EXERCISE OBJECTIVE: Some of the lines below need repeating. Reproduce exactly those between the lines holding "New complex of furnished" and "Personalized NFL New", inclusive.

TASK INPUT:

= Beginning of Section =

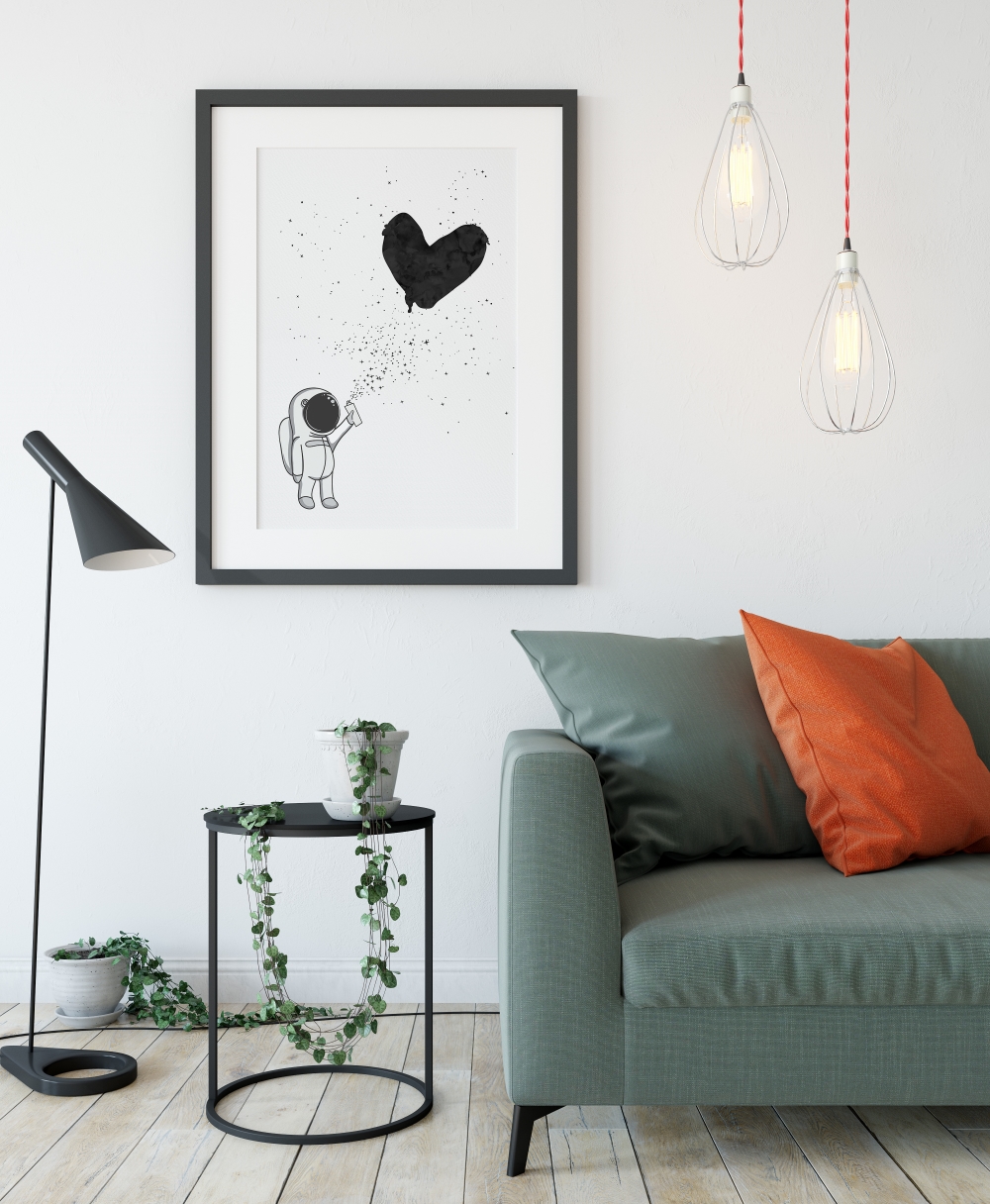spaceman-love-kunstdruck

= End of Section =
= Beginning of Section =

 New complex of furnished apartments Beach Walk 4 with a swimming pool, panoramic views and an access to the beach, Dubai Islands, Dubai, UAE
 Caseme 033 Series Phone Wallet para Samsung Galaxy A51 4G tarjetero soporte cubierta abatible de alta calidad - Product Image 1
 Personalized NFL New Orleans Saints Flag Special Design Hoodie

= End of Section =

SOLUTION FOR THIS PROBLEM:
 New complex of furnished apartments Beach Walk 4 with a swimming pool, panoramic views and an access to the beach, Dubai Islands, Dubai, UAE
 Caseme 033 Series Phone Wallet para Samsung Galaxy A51 4G tarjetero soporte cubierta abatible de alta calidad - Product Image 1
 Personalized NFL New Orleans Saints Flag Special Design Hoodie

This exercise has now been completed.